# WORK TO BE COMPLETED
The reply to the records below should contain exactly the lines from the line with "Vozapow Professional Shooting" through the line with "Men's Jeans Ripped", and nothing besides.
═════ EXCERPTED DATA
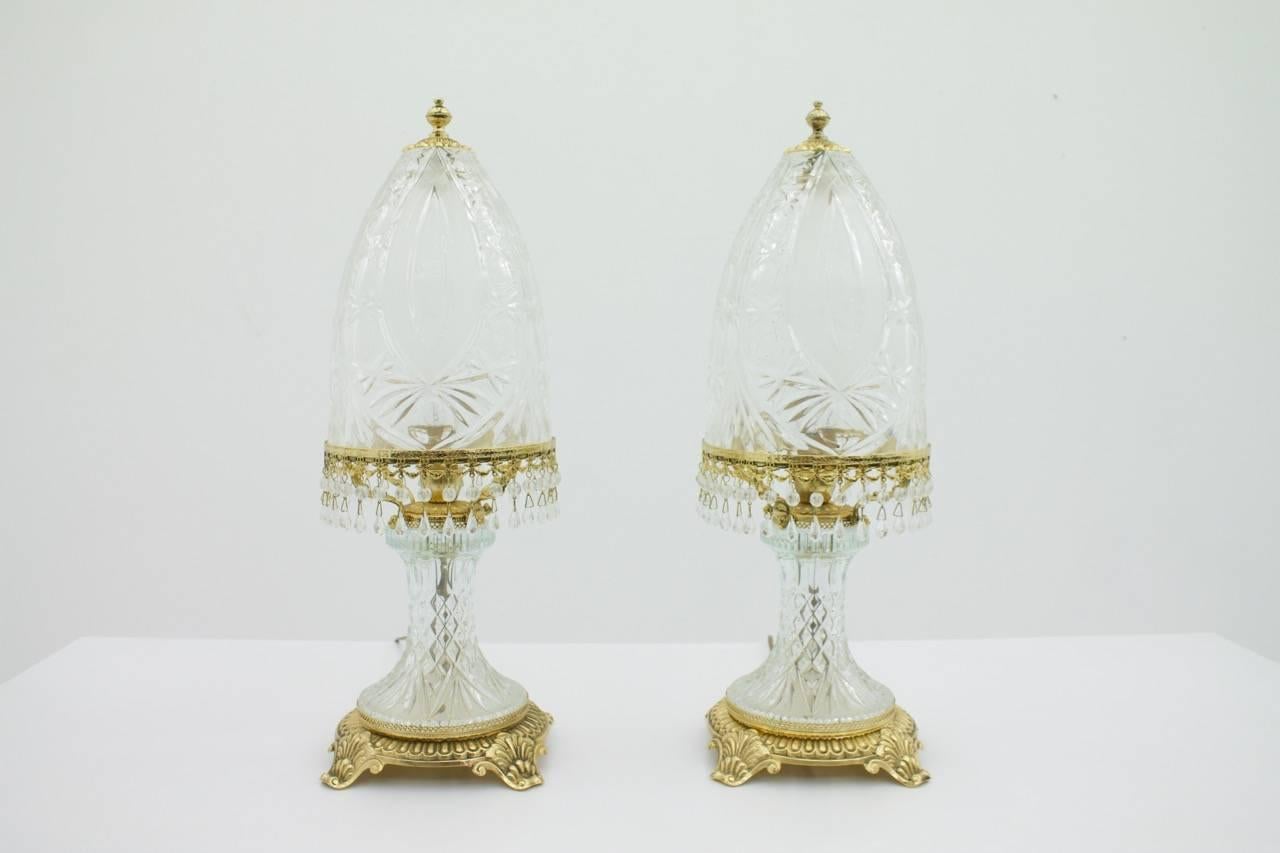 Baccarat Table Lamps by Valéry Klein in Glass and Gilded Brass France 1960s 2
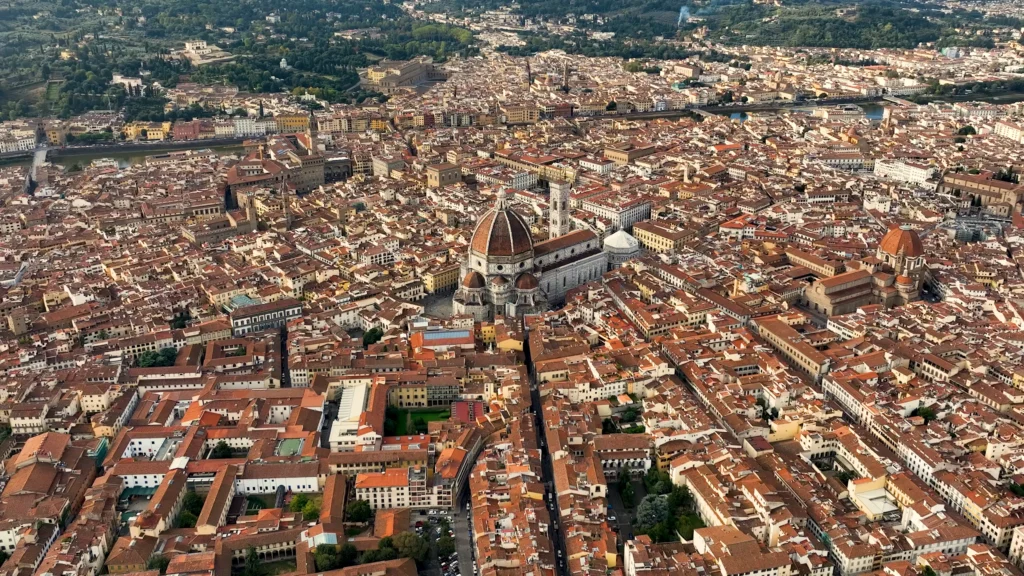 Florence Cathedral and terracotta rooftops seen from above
══════════
═════ EXCERPTED DATA
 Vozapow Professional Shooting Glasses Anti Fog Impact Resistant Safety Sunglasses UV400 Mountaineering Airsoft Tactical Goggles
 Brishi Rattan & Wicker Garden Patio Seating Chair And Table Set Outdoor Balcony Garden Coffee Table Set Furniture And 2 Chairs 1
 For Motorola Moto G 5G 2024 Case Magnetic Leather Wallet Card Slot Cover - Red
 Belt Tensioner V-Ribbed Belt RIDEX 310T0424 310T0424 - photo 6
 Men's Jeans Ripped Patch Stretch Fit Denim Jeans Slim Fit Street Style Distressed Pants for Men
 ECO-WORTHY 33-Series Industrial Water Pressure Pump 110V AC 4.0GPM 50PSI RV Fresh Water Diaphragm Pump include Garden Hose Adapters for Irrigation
══════════
# TASK OUTPUT
 Vozapow Professional Shooting Glasses Anti Fog Impact Resistant Safety Sunglasses UV400 Mountaineering Airsoft Tactical Goggles
 Brishi Rattan & Wicker Garden Patio Seating Chair And Table Set Outdoor Balcony Garden Coffee Table Set Furniture And 2 Chairs 1
 For Motorola Moto G 5G 2024 Case Magnetic Leather Wallet Card Slot Cover - Red
 Belt Tensioner V-Ribbed Belt RIDEX 310T0424 310T0424 - photo 6
 Men's Jeans Ripped Patch Stretch Fit Denim Jeans Slim Fit Street Style Distressed Pants for Men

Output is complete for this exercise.